Texas has spent decades defending its right to determine what is taught in Texas classrooms, resisting federal pressure, national standards, and outside influence because Texans understand a simple principle: Texas students deserve Texas standards.
That principle is now being tested again.
The debate surrounding Personal Financial Literacy may sound technical, but it raises a much larger question: Who is deciding what Texas students learn?
At first glance, House Bill 27 appeared to be a straightforward effort to improve financial literacy. Most legislators likely believed they were helping students learn practical skills such as budgeting, taxes, saving, investing, and credit management.
But underneath the bill was a significant shift in philosophy.

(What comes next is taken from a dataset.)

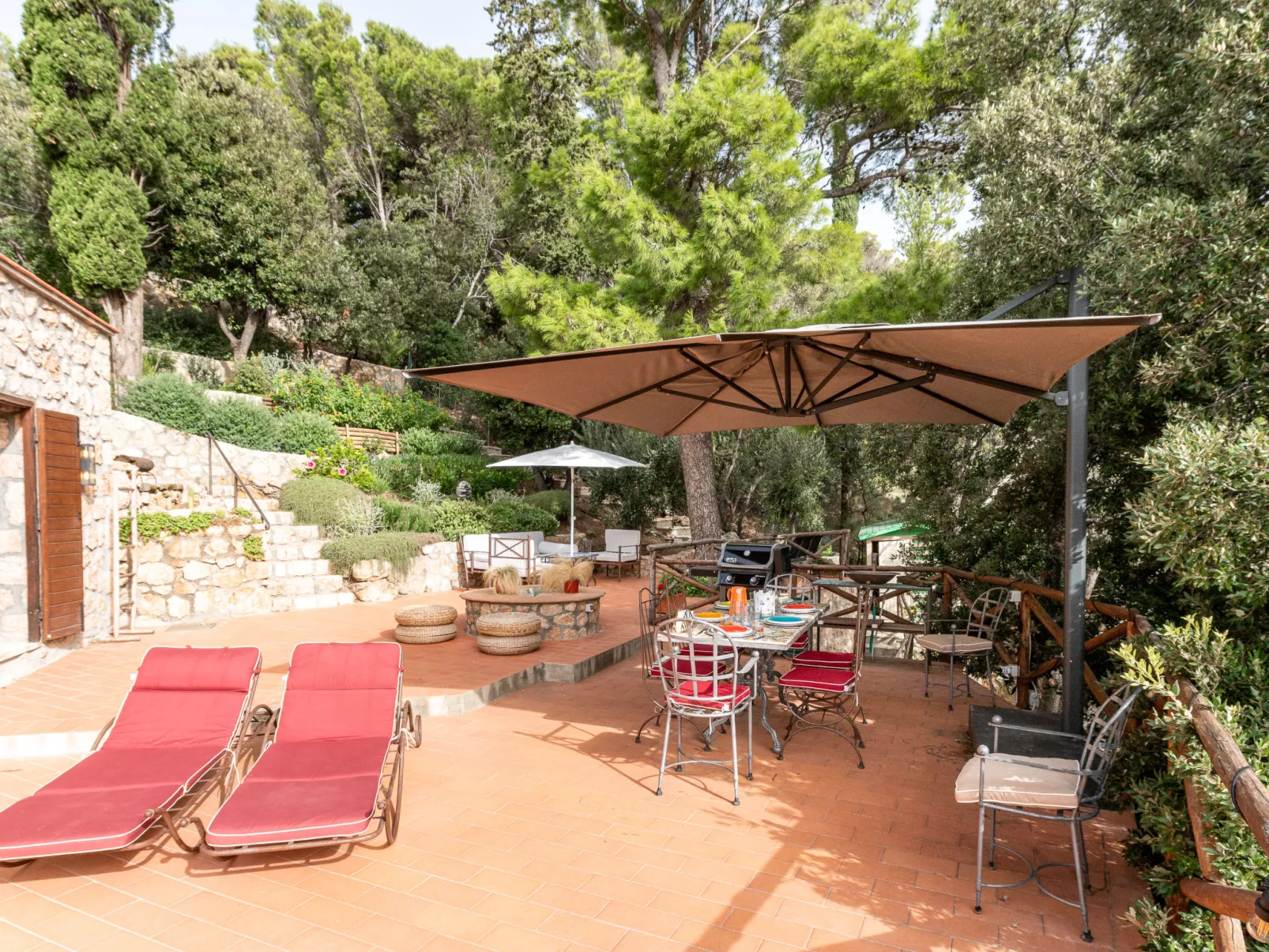 Cala Piccola-Outside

Texas removed economics from the graduation requirement by name, stripping away much of the free enterprise foundation that traditionally distinguished Texas personal finance instruction. At the same time, the bill created a pathway for free open educational resources to enter Texas classrooms outside the traditional instructional materials review process.
Many well-intentioned policymakers may not have realized the implications.
Today, the State Board of Education is considering Personal Financial Literacy standards that move even further away from entrepreneurship, free enterprise, and foundational economic principles. If adopted, students may learn how to balance a checkbook while never learning why inflation increases grocery prices, why housing costs rise, why wages change, or how entrepreneurs create wealth and opportunity.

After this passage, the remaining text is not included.